* DATA EXTRACT
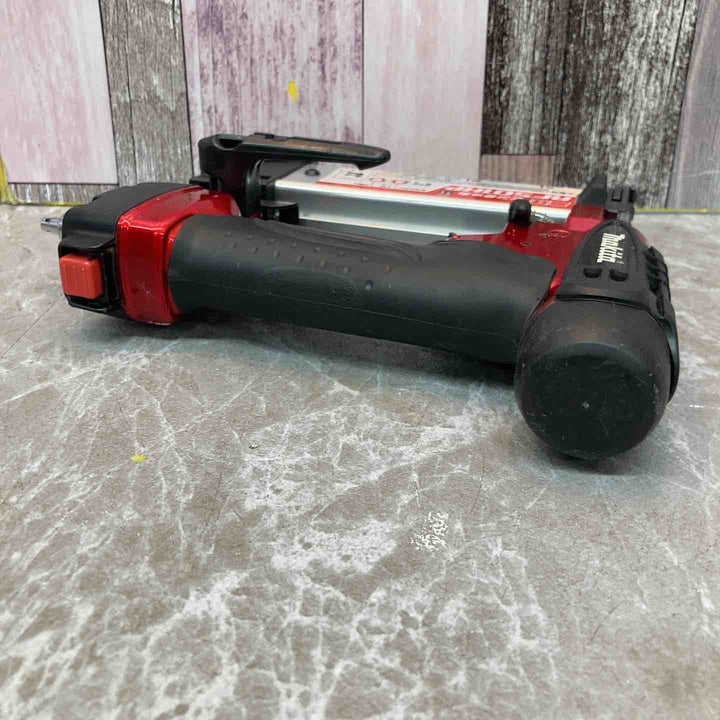 ★マキタ(makita) 高圧ピンネイラ AF501HP【八潮店】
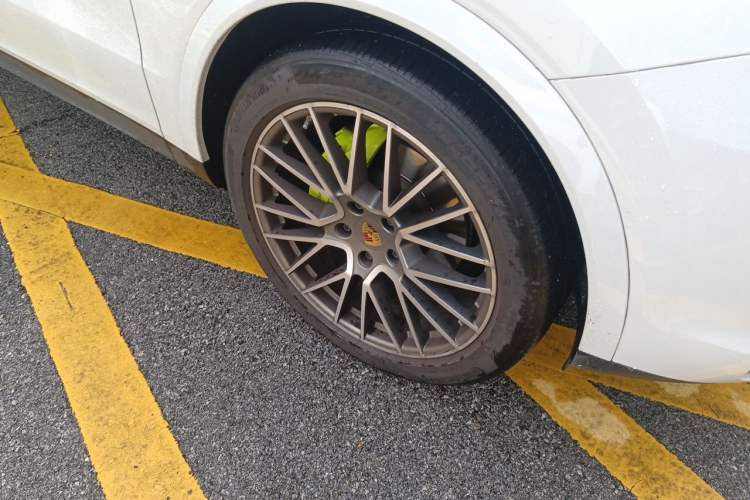 Used Porsche Cayenne E-Hybrid 2023 Cayenne E-Hybrid 2.0T Platinum Edition Right Front Wheel Hub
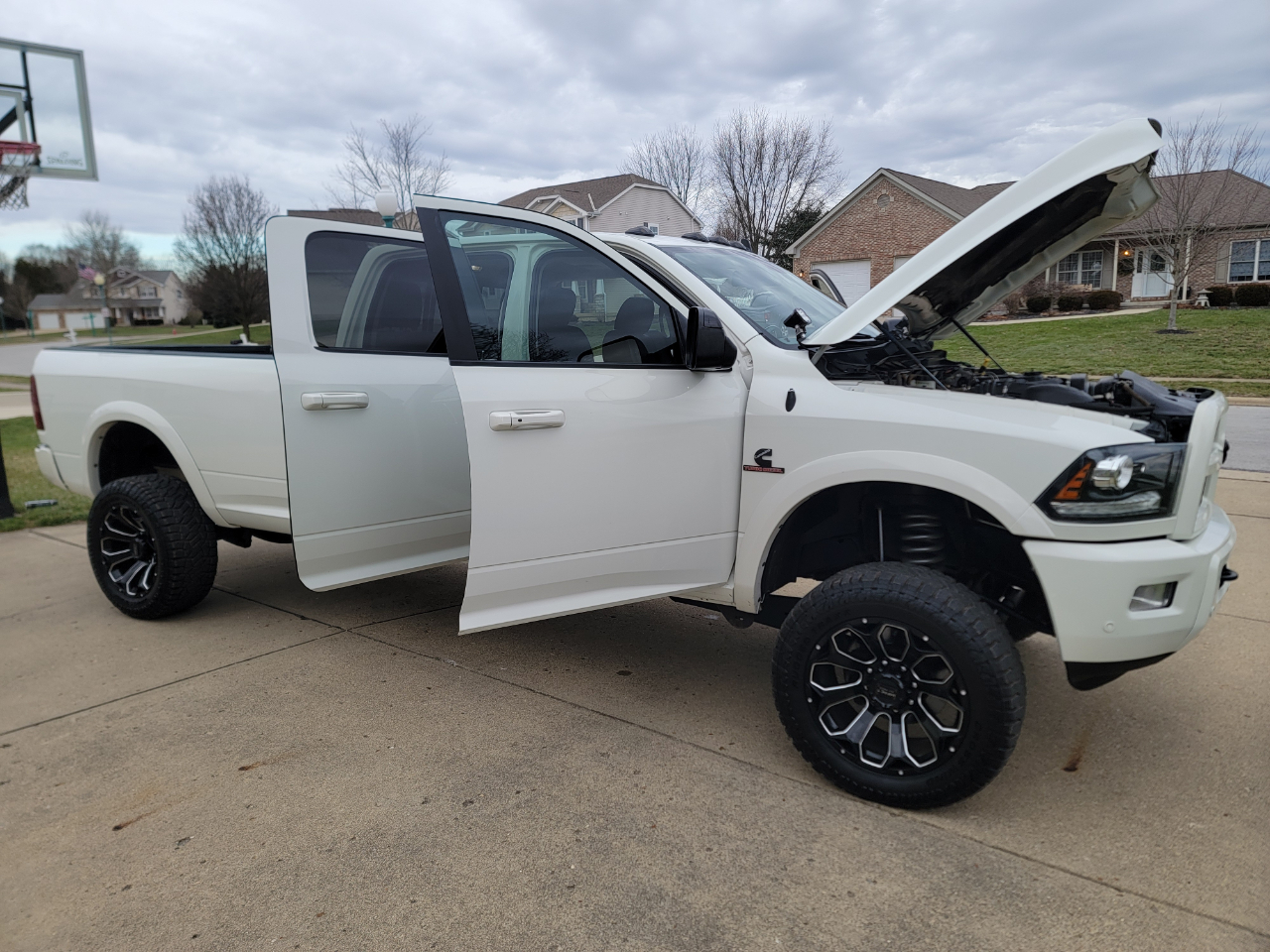 RAM 3500 Laramie 4x4 Crew Cab 8' Box 2017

* DESCRIPTION OF THE TASK
Repeat every line of the data above exactly, but drop the pictures.

* SOLUTION FOR THIS TASK
 ★マキタ(makita) 高圧ピンネイラ AF501HP【八潮店】
 Used Porsche Cayenne E-Hybrid 2023 Cayenne E-Hybrid 2.0T Platinum Edition Right Front Wheel Hub
 RAM 3500 Laramie 4x4 Crew Cab 8' Box 2017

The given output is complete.